I think it's safe to say that when we're discussing databases in the context of industrial process control, SQL Server is where most of our brains tend to jump. The proliferation of SQL (and other traditional relational databases) across most, if not all, industries for process control applications cannot be denied. But SQL (and others) do certainly have some limitations.
This blog post (based on an article by partner company, inray Industriesoftware GmbH) discusses how MongoDB, a non-relational database (i.e. NoSQL database) are fundamentally different from the SQL Servers of the world and how MongoDB can be a good alternative to relational databases for some applications.
So before we discuss how MongoDB does things differently from relational databases, let's first discuss what MongoDB is, since I'm sure there are plenty of readers who may have never heard of it. MongoDB is a database that relies on a non-relational document model. As such, it can be referred to as a NoSQL database (NoSQL = Not-only-SQL).
As such, MongoDB differs fundamentally from conventional relational databases such as Microsoft SQL Server, Oracle, MySQL or the multitude of others out there. The roots of the name "MongoDB" come from the English word “humongous”, another word for massive or gigantic. Released in 2009, MongoDB was the brainchild of founder and developer Eliot Horowitz, who was Chief Technology Officer and on the Board of Directors of MongoDB Inc. until 2020 and is still active as a technical consultant.
How Relational vs. Non-Relational Databases Differ
Conceptualizing the differences between the document-oriented NoSQL database model of MongoDB and a conventional SQL database is best explained in the following example at a plastics manufacturer.
How Data is Stored in a Relational Database at a Plastics Manufacturer
In the business office for a plastics manufacturer, a relational database (i.e. SQL or similar) is used for customer management. Their database stores the customer data (in similar fashion to an Excel table consisting of rows and columns). Let’s first look at a small part of this database, the contact information for the customer. It could start with a simple table that contains one row for each customer. This row has a unique customer ID number, a first and last name, email address, phone number and the company's address.Simple, right? However, what if we need to add a second phone number for the same customer?
For a work number and a mobile number or even an emergency contact number, we could simply add more columns. However, the same need could arise with multiple addresses, for example if a client wants a sample sent to their home office or they have a different mailing address vs. shipping address, etc.
Also previous addresses or information for a preferred special color for the plastic parts a customer purchases could be information you might also need to store. Each time, you're simply adding more columns for all of the customer’s contact information.
Certainly this works but eventually you will end up with a bloated, mostly empty and inefficient table since many of those fields that were required for a subset of your customers remain unused for many other customers and simply take up space in the database.

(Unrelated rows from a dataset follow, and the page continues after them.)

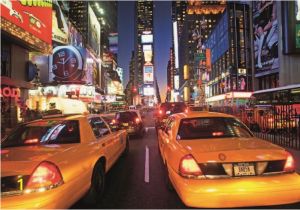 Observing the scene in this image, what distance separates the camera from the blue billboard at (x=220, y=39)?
80.0 metres

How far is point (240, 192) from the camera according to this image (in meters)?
4.22

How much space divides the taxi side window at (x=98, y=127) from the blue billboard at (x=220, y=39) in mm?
76033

So what is the alternative to the single, inefficient table model in a relational database? Instead, new spreadsheets could be created in the Excel model if additional pieces of data are required for a customer or customers. So, for instance, below we have a new separate sheet for telephone numbers, which contains only one telephone number in each row, which refers to the customer ID and is marked with a label like “Private”, “Work” or “Mobile”. Another sheet can be created in this way for addresses, another for quotations and so on.The plastic manufacturer could create a multitude of sheets just to look at a single customer and here no thought has even been given to order history or invoice filing. You can guess how quickly working in this rigid schema can get out of control, though. However, in a traditional relational database, this is how developers work with data in real applications.
Disadvantages to Relational Database Data Handling
So the data for a single "thing", like a customer, is often spread over dozens of tables and sheets in that model. This significantly increases the complexity of the application and leads to some disadvantages, including:
- Increased Complexity - For users who maintain the application, it is difficult to understand the complex and multi-layered structures.

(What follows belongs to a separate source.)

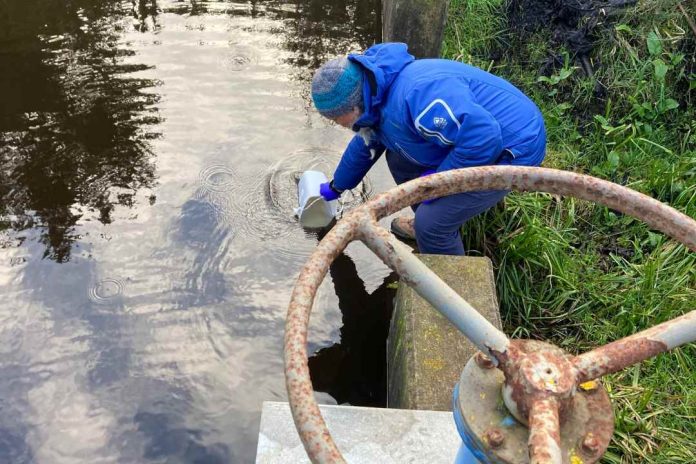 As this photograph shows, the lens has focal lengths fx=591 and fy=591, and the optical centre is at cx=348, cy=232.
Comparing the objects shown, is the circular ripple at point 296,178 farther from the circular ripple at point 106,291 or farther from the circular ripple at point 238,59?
the circular ripple at point 238,59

- Difficulty Adding New Features - Adding features is more difficult because, for example, with cross-references there are more tables and sheets to consider.
- Inefficient Data Retrieval - Retrieving data from so many places is inefficient and applications need complex programming codes to deal with it.
Now consider how this example would play out in a world without computers - sales representatives would have to retrieve names from one file folder, phone numbers from another and addresses from a third folder. While we don't live in that world and computers would dull the pain of such a scenario slightly, you can imagine how complicated, error-prone and slow that would be. It's not the best use of computing resources working with such an inefficient model.
How MongoDB Addresses the Disadvantages of Relational Databases
MongoDB follows a completely different “schema-free” approach. Data is stored in so-called “documents”. Just like physical customer files in a hanging file, a "document" can contain two addresses, three phone numbers and other information, such as an individual training video. It can be stored right next to another customer document that contains only a phone number, an address and no orders yet. These documents are not limited to having the same number of column documents or data fields.MongoDB groups several documents into “collections”, of which the database can contain several. IT can process the data structured in this way more efficiently and, of course, these documents are also much easier for people to read.
This model of data storage is incredibly beneficial for developers since they no longer have to adapt their applications to the requirements of the database. With MongoDB, applications can store data in a natural and convenient way. This also means that adding new data is possible without worrying that a simple change could cause existing database records to become unreadable.Aside from this document model, MongoDB is fundamentally different from traditional databases because its functionality allows MongoDB to leverage multiple servers for data storage. This enables MongoDB as a distributed database and allowing for fault tolerance, scalability, and data availability features that developers would otherwise have to create themselves and, as such, mitigates risk and increased effort.
Let's highlight these differences (advantages) further:
- Better Fault Tolerance - To ensure fault tolerance in the work, redundant copies of the same data are kept on different servers. A failure of a single server does not affect the application.
- Greater Scalability - MongoDB scales seamlessly to multiple servers to store and process data. So data volume and performance requirements increase. You can simply add more servers instead of upgrading expensive mainframes. This is also ideal for cloud environments where the load is distributed across many computers.
- Geographically Distributed High Availability - Data is available locally near users around the world for quick access.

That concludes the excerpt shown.